WORK INSTRUCTION
Everything in the listing below must be set down again exactly, apart from the pictures.

GIVEN INFORMATION

····················

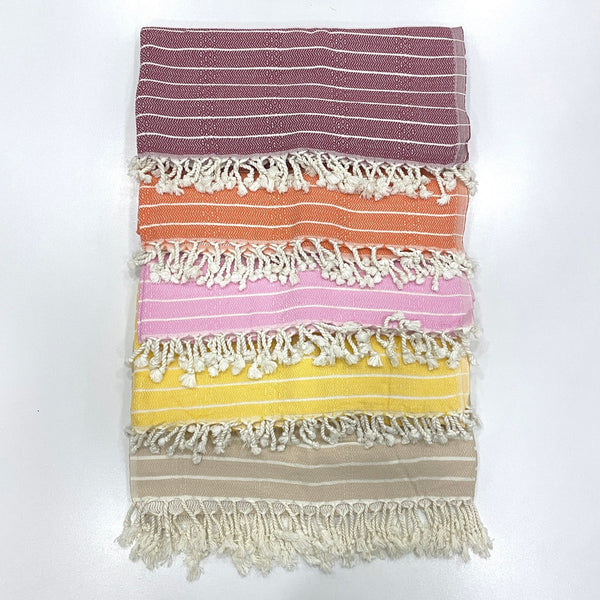 Turkish Towels Bamboo - Beige | Yellow | Pink | Orange | Burgundy Front Angle view
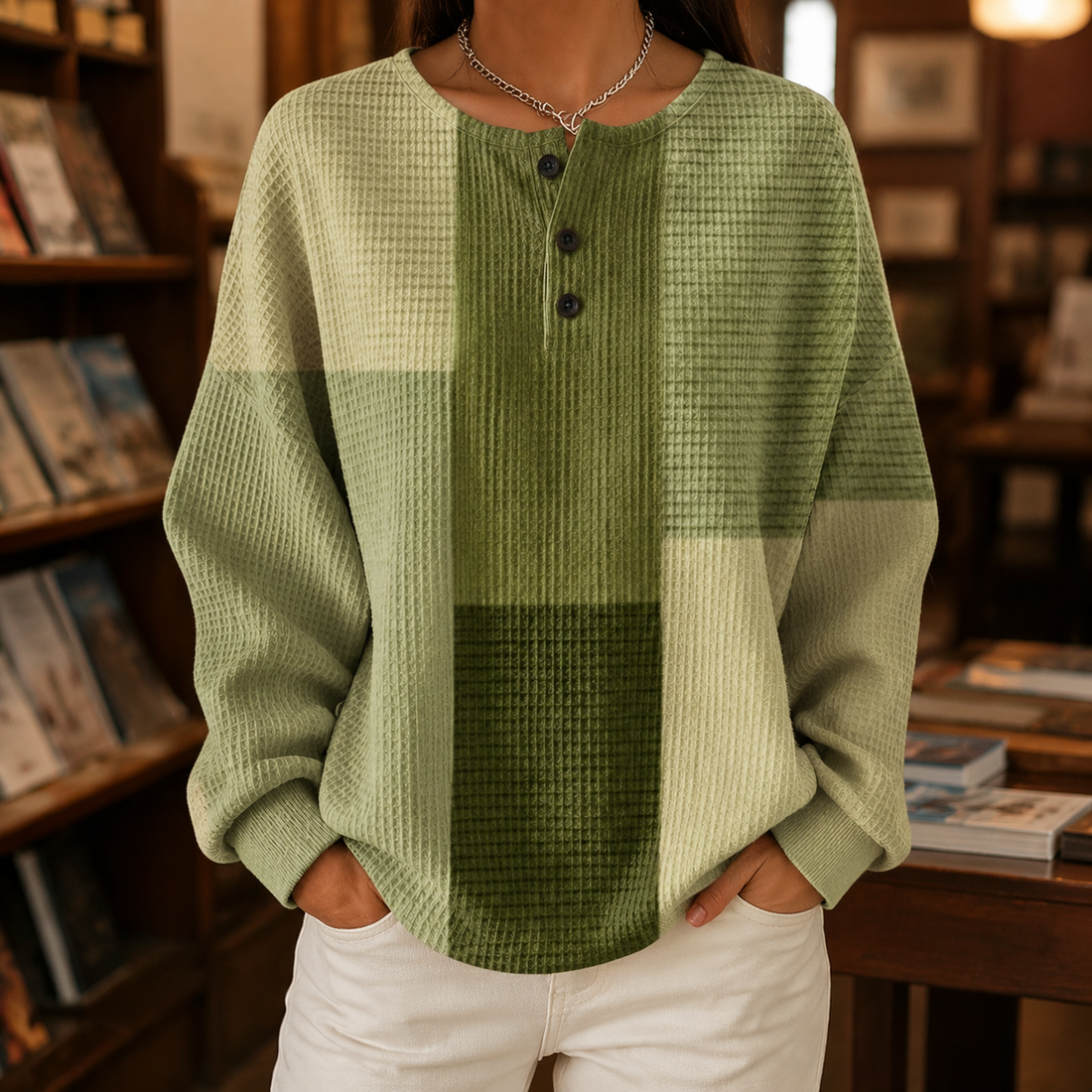 Adeline-Elise Color Block Sweater - Green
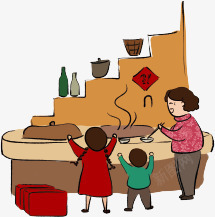 帮忙做饭的小男孩春节家庭做饭团聚高清图片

····················

RESPONSE TO THIS TASK
 Turkish Towels Bamboo - Beige | Yellow | Pink | Orange | Burgundy Front Angle view
 Adeline-Elise Color Block Sweater - Green
 帮忙做饭的小男孩春节家庭做饭团聚高清图片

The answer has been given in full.